Like lists, dicts are stored as two objects. The first contains information about the dict itself and always stays in the same block. The second one stores key-value pairs and can move between blocks when resized. But at the same time, an empty dict takes up much more space.


empty_dict = {}
print(sys.getsizeof(empty_dict))
# 240

As you can see in the example, the dict is 240 bytes. When creating a dict, space is allocated for several elements, and not only after adding an element, as was with the list.

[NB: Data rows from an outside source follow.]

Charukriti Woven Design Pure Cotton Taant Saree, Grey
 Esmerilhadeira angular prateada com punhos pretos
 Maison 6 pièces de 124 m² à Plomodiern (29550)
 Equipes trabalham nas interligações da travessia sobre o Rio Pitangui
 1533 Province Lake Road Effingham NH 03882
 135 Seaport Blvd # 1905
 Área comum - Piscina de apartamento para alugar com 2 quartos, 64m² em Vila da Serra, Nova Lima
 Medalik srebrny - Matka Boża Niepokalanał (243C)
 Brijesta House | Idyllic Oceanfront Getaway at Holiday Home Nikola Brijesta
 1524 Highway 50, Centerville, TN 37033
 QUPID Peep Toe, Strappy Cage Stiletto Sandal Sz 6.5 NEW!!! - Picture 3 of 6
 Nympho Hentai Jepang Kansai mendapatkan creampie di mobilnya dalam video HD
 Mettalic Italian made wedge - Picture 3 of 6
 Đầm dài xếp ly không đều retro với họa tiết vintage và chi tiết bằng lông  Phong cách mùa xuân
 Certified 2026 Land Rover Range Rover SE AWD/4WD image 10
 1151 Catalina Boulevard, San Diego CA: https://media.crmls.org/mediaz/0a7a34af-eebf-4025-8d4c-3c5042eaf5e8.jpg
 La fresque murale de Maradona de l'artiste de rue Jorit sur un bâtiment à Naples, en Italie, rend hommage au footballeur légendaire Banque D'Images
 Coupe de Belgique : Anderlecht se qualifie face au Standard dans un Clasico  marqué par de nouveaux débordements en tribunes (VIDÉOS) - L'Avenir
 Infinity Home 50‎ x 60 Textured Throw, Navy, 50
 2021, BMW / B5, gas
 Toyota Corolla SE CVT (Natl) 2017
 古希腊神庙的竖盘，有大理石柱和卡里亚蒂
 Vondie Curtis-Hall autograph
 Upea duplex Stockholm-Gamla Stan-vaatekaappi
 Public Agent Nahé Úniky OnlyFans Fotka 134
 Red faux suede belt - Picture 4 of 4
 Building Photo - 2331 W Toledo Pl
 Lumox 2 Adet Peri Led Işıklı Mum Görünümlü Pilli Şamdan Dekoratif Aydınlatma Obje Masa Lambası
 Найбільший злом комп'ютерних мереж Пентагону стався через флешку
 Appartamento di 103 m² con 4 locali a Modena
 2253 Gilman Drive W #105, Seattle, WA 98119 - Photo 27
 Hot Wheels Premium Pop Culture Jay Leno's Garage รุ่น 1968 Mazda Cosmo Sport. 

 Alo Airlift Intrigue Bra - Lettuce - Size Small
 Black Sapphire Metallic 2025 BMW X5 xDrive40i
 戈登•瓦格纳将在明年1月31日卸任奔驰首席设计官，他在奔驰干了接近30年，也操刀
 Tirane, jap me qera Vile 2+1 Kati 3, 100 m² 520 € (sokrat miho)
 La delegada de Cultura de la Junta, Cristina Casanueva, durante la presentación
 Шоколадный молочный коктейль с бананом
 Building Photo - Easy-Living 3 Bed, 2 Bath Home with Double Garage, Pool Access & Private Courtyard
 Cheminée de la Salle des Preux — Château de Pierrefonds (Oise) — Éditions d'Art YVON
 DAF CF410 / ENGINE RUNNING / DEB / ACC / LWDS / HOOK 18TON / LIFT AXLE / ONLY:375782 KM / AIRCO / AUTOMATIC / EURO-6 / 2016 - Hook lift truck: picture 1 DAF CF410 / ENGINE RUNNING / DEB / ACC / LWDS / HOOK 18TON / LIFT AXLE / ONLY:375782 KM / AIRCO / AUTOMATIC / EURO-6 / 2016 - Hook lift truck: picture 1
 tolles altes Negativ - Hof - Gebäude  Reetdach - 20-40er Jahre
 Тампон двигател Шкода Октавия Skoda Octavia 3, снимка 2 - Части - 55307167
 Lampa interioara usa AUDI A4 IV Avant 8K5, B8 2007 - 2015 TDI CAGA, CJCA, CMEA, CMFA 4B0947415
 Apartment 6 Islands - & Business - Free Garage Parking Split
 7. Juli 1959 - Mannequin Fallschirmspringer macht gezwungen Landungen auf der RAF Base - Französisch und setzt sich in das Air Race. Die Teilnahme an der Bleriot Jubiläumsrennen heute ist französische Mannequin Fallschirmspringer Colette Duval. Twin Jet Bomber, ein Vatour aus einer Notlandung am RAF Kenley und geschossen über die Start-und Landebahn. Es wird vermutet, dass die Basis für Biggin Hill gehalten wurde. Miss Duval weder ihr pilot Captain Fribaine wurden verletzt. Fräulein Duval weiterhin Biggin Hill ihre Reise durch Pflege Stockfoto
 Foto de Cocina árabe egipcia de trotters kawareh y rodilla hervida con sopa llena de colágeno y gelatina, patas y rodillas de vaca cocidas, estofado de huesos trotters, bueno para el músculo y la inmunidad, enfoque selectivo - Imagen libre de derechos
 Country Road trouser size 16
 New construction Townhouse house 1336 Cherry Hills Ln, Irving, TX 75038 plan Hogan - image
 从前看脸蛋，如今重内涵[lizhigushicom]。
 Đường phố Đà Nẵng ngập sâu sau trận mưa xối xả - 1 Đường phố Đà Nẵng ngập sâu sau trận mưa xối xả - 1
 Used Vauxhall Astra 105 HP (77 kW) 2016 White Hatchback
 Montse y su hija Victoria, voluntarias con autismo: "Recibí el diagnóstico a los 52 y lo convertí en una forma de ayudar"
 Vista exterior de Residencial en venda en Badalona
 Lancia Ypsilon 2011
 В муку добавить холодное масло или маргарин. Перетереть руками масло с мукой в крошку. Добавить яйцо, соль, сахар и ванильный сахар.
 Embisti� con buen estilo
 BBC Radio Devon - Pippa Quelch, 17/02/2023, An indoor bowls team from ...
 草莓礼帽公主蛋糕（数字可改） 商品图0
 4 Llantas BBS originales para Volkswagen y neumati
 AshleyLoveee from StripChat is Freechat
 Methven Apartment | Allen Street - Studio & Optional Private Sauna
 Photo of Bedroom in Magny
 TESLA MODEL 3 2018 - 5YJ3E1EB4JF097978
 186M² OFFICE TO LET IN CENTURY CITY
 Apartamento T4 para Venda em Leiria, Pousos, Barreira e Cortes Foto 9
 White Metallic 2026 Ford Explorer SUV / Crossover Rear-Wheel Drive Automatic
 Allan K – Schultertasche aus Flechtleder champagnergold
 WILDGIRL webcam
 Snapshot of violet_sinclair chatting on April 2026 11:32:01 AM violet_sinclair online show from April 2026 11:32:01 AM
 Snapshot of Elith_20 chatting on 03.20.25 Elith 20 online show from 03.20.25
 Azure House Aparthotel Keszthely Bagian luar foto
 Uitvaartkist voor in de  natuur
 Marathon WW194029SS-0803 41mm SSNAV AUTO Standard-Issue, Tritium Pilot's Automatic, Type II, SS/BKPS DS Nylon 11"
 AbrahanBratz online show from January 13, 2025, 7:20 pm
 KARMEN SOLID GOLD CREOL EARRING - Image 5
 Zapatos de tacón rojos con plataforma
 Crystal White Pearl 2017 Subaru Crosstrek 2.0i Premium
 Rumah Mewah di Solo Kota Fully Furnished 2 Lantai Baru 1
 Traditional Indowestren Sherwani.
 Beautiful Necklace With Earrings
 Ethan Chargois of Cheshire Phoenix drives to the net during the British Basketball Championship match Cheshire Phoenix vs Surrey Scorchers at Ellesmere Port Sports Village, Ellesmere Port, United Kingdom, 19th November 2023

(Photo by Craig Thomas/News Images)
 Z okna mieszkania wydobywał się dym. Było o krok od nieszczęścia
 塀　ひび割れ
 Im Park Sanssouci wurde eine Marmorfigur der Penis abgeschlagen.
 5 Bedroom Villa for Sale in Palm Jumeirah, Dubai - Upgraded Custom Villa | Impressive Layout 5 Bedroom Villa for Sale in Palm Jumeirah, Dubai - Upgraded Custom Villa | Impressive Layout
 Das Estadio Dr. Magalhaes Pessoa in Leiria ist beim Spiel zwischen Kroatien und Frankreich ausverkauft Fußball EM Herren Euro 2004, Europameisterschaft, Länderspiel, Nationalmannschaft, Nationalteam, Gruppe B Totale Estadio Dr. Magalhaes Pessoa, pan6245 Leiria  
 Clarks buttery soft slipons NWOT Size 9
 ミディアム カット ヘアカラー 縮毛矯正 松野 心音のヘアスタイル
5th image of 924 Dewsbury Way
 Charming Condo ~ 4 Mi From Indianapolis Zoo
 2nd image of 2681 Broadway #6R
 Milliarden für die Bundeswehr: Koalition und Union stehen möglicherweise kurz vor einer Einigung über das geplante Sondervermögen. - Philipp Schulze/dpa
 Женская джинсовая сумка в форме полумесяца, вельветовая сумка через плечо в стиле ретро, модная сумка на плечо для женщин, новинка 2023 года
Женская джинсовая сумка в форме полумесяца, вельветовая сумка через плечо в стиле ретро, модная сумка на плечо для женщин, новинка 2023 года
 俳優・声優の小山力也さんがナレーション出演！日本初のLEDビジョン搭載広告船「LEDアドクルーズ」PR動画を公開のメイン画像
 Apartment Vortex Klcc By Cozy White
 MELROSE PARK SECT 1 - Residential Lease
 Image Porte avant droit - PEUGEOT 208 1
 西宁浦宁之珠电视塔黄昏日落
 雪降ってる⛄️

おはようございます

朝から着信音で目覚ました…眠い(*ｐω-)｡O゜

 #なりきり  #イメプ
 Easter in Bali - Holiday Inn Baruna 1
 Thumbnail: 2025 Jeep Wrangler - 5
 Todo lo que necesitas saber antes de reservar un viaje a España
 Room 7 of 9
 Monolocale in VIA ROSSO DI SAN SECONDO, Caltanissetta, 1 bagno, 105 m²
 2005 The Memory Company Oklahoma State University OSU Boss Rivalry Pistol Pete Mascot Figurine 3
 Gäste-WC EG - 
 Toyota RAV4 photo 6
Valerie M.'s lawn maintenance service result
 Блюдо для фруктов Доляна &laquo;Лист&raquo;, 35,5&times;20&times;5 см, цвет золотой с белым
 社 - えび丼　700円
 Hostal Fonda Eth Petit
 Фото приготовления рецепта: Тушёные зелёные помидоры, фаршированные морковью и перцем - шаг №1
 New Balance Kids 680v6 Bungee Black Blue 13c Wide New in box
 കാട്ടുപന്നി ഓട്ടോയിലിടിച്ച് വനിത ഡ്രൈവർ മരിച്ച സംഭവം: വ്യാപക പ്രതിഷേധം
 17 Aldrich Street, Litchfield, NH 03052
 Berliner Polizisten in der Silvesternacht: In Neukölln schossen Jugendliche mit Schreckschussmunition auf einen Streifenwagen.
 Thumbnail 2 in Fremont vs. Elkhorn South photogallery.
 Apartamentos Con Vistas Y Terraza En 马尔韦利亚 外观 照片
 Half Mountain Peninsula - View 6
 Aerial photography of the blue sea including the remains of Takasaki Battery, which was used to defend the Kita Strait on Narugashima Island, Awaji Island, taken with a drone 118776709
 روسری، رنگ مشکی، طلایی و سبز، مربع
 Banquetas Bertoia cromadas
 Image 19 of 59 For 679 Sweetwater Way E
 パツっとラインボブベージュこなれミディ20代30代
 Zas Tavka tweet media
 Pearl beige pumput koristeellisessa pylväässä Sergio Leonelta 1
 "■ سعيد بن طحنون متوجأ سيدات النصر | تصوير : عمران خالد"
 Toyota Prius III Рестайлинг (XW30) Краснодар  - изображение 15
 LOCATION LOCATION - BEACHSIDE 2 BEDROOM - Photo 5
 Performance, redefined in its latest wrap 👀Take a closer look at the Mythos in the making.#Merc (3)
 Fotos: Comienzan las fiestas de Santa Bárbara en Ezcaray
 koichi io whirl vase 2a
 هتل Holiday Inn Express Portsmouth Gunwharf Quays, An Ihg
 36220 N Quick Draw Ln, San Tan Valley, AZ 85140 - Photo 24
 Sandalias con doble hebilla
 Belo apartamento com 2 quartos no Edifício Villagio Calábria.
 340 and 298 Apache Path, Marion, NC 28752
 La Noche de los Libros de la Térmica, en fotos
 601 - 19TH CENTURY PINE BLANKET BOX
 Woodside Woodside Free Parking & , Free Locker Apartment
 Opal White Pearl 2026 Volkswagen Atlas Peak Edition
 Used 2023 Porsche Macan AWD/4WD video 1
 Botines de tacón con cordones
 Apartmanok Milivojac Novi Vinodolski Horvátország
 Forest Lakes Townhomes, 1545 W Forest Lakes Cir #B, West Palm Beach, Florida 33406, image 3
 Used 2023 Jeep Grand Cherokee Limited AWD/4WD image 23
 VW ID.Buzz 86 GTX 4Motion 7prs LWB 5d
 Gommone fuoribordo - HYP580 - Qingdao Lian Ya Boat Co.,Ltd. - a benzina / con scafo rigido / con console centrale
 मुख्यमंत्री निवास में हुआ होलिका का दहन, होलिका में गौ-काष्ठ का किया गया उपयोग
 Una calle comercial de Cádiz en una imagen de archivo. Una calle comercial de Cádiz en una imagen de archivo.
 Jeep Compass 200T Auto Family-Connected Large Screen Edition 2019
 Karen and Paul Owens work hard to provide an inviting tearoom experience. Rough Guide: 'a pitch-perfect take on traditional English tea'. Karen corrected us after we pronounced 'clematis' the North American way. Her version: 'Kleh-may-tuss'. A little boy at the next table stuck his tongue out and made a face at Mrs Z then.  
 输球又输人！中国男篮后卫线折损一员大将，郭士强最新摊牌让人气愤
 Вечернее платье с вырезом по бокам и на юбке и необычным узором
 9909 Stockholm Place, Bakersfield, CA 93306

If you call the clear method, not only all elements are cleared. The initially reserved memory will also be freed.


empty_dict = {}
print(sys.getsizeof(empty_dict))
# 240
empty_dict.clear()
print(sys.getsizeof(empty_dict))
# 72

As a result, the dict began to occupy only 72 bytes – much less than when created.

As with a list, for each new key-value pair, the entire object is not moved to a new block. To avoid frequent relocation costs, a new block is taken with a margin of several elements.

Conclusion

Knowing how much memory an object will take up is useful. For example, the terms of a project or task specify hard memory limits. Or a piece of code is called very often, you need to understand whether allocating / freeing memory will be a bottleneck in your system.

Therefore, I recommend that you estimate the approximate memory costs, even at the time of writing the code. And no one cancels the reuse of existing objects.

If you are interested in this topic and decide to delve into it, then pay attention to the following materials:

— Memory management in Python. It describes in detail the mechanism of operation of memory managers and the organization of blocks.

— Memory Management.Don’t forget about the official documentation.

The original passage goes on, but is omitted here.